C919, l’avion chinois aux grandes ambitions

Largement conçu à partir de pièces étrangères, le moyen-courrier effectue désormais des vols réguliers

Harold Thibault

REPORTAGESHANGHAÏ (CHINE) – envoyé spécia

Il pleuvait sur le tarmac, mais Chen Yixe et son ami ont malgré tout pris le temps de faire quelques photos à la sortie du bus qui, après avoir longé le terminal de l’aéroport Hongqiao de Shanghaï, a déposé les passagers devant l’appareil blanc de la compagnie China Eastern. La jeune fille se rend à Pékin pour visiter la ville. En réservant leurs billets, elle et son compagnon ont cherché le vol quotidien réalisé sur le C919, un an après l’annonce de son entrée en service commercial. « L’avion est fait en Chine, c’est épatant », dit-elle.

Les passagers installés, la vidéo de démonstration commence. Elle montre les grandes fiertés de l’empire du Milieu : la Cité interdite, le quartier des affaires de Pudong, à Shanghaï, le nouvel aéroport de Daxing près de Pékin, les champs de thé, la Grande Muraille. « Notre merveilleux voyage est sur le point de débuter », annonce la voix off. Sur son téléphone, le passager du siège 39B lit un article sur les différences avec l’Airbus A320 et le Boeing 737, les appareils commerciaux les plus utilisés de la planète.

Défis techniques

De fait, la différence n’est pas flagrante à l’œil non initié, si ce n’est les protèges appuie-tête et sacs à vomi estampillés « Le premier C919 au monde », ainsi que le petit gâteau gentiment servi. Longtemps présenté comme une ambition, le moyen-courrier chinois est devenu une réalité. Le C919 a effectué son premier vol commercial en mai 2023, mais ce n’est que depuis le début d’année qu’on le trouve sur des lignes régulières. Au départ de Shanghaï, où China Eastern, l’une des trois grandes compagnies étatiques chinoises a son siège, et à destination de Chengdu, Xi’an et Pékin.

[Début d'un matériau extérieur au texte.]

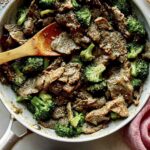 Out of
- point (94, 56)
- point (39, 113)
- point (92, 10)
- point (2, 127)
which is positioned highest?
point (92, 10)

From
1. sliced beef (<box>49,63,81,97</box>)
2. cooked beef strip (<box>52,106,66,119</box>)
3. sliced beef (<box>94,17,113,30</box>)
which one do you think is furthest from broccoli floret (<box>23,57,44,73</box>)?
sliced beef (<box>94,17,113,30</box>)

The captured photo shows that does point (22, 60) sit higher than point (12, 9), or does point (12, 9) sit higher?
point (12, 9)

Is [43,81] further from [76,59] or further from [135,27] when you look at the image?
[135,27]

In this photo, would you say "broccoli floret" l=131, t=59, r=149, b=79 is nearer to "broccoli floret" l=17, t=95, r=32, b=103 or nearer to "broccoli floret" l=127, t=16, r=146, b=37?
"broccoli floret" l=127, t=16, r=146, b=37

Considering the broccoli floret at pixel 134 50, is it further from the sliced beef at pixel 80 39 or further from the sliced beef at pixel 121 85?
the sliced beef at pixel 80 39

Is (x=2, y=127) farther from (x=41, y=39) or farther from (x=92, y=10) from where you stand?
(x=92, y=10)

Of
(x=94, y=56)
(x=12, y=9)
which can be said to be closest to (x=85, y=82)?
(x=94, y=56)

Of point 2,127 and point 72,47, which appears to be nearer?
point 72,47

Pour la Chine, qui claironne régulièrement les réussites de son rattrapage technologique – train à grande vitesse, exploration spatiale, automobile électrique… –, le C919 n’est encore qu’une demi-victoire. Il aura fallu quinze années d’intenses efforts pour en arriver là. En 2008, une société étatique a été créée, Comac, pour Commercial Aircraft Corporation of China, avec pour mission de parvenir à hisser le C de la Chine et briser le duopole Airbus-Boeing.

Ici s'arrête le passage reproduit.